Com os pilares da servidão e da ditadura abalados, os grupos dominantes tradicionais entram em choque com os novos grupos dominantes e, numa luta fraticida pelo poder, arriscam perder os dedos para não entregarem os anéis. A tensão política existe, mas não é luta de classes, entre ricos e pobres, nem de comunismo contra capitalismo, é fruto de egoísmo social. Desprovidos de requinte cultural, pobres esteticamente e nivelados pela comunicação de massa, os tradicionais grupos dominantes brasileiros só conseguiam se distinguir dos grupos dominados, através da ostentação, do consumismo e dos hábitos de desperdício. O conflito que os leva a gastar energia fomentando situações apocalípticas está na perda de exclusividade do seu padrão de desejos vazios, copiado pelo que consideram um monte de pobres, que agora deram para viajar de avião e comer barrinha diet.

O estímulo à criação de um clima de guerra civil, com o intuito de produzir a impressão de falta de ordem e, consequentemente, falta de autoridade, tem efeitos diretos na instabilidade das instituições, no sistema democrático, na economia e na própria política.
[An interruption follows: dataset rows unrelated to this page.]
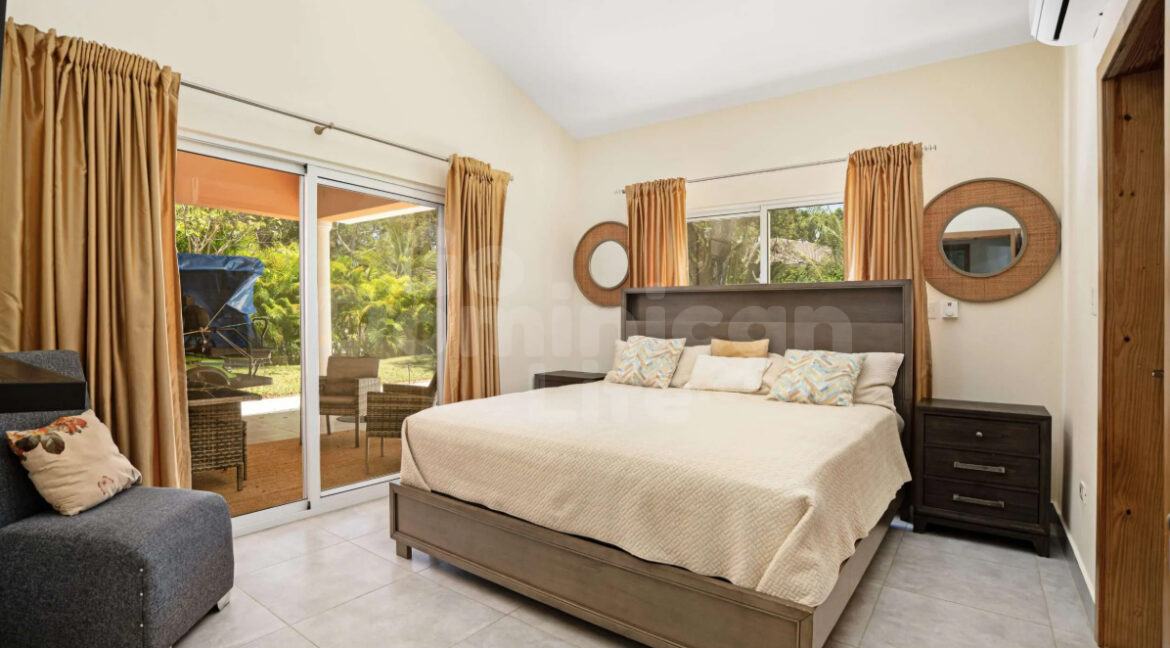 sosua-villa-2bed-1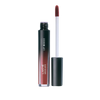 Lakme Absolute Lip Mousse - 304 Chocolate Temptation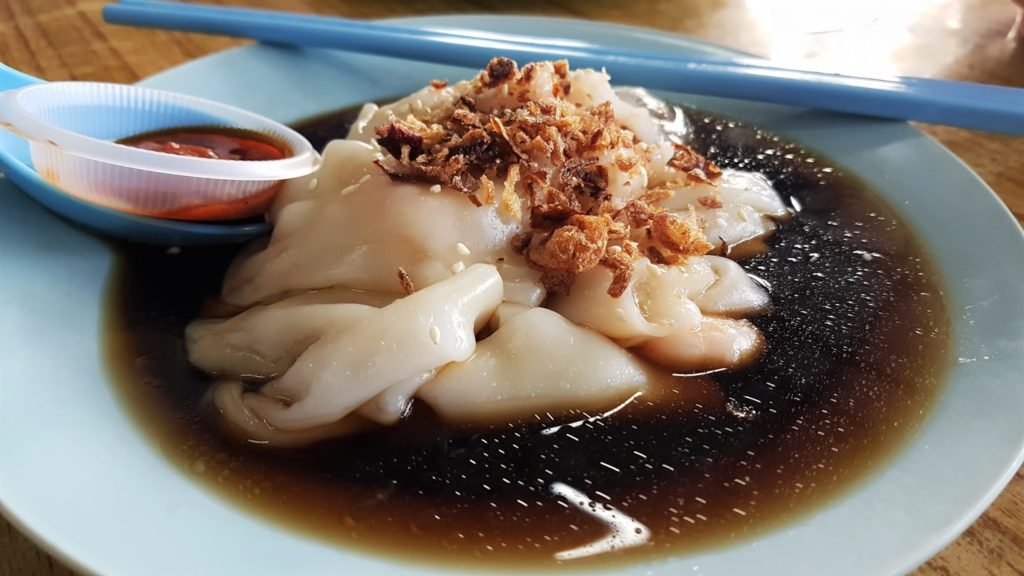 chee-cheong-fun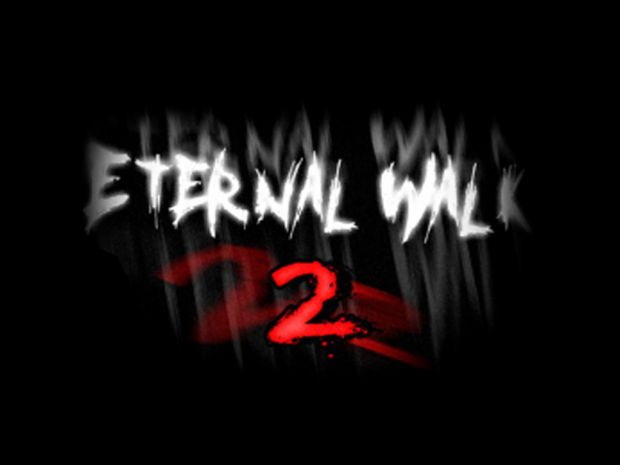 Eternal Walk 2 Alpha052  By DS And VT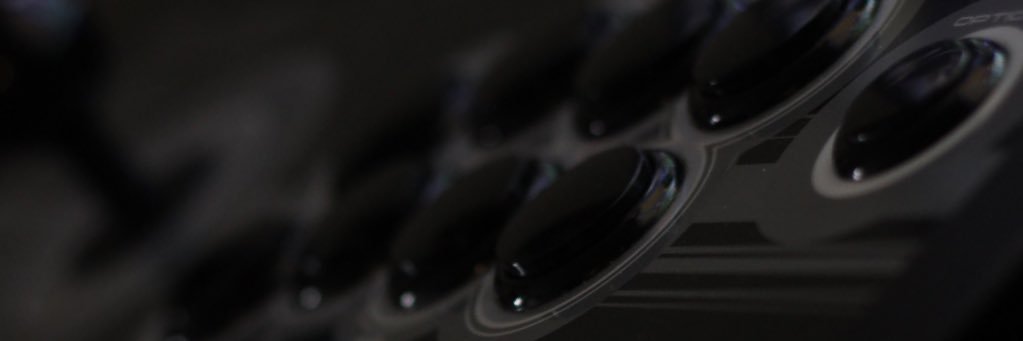 eigiv's profile banner image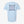 45th Parallel Trademark Tee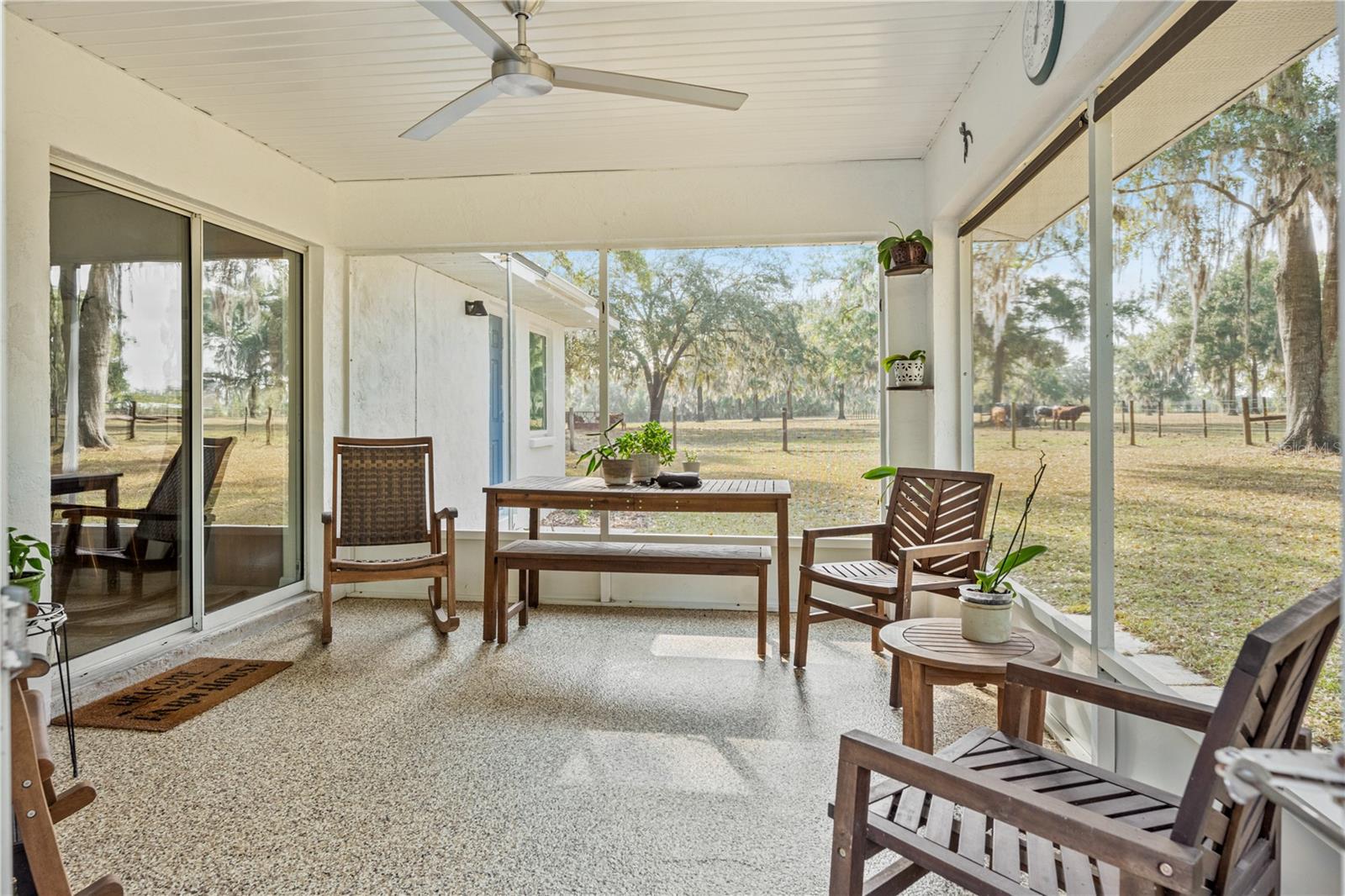 Image 25 of 51 For 1650 146th Avenue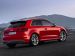 Audi S3 2013 Picture #10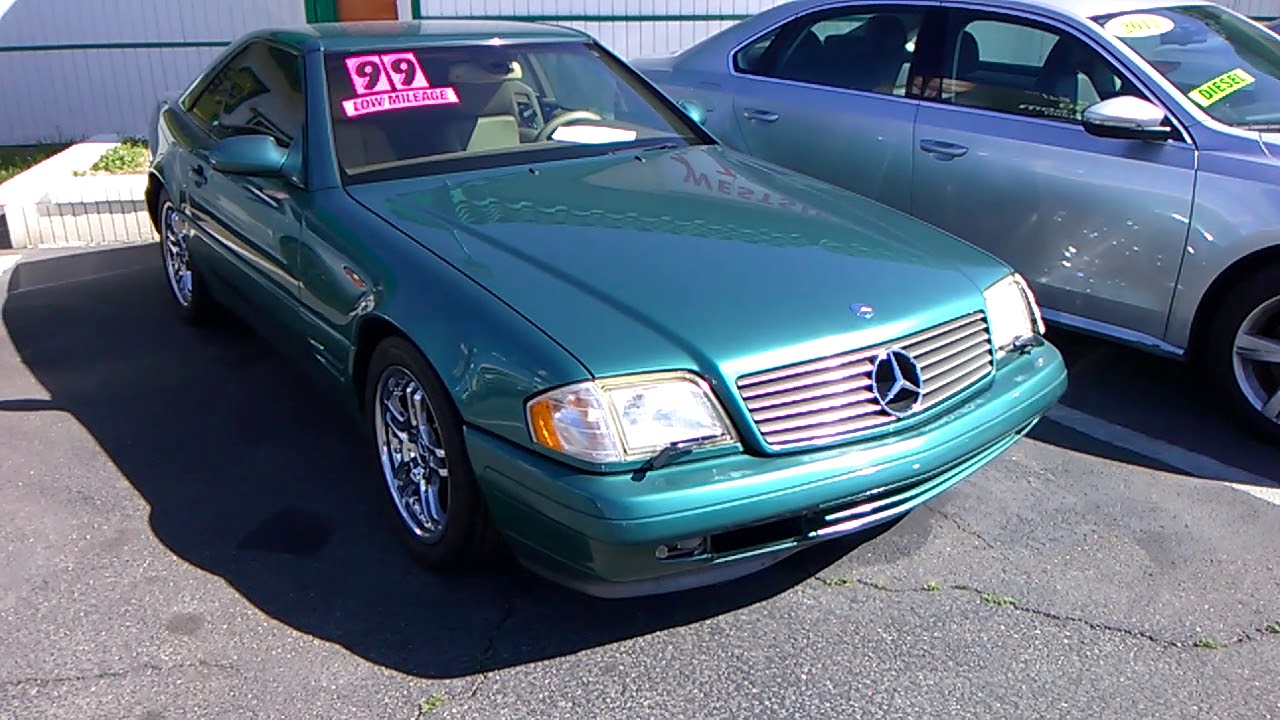 VID 20200225 130012 WESTSIDE MOTORS LAS VEGAS, NV 89102 YouTube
E não adianta fingir que isso é coisa de ativismo alienado em convergência com aproveitadores de plantão. A evolução da teoria do caos tem demonstrado que mesmo os comportamentos aparentemente aleatórios e imprevisíveis procedem de acordo com regras precisas. E na política não é diferente. É preciso que os grupos sociais se acostumem com o fato de que o poder hoje em dia vai tendo que ser cada vez mais compartilhado.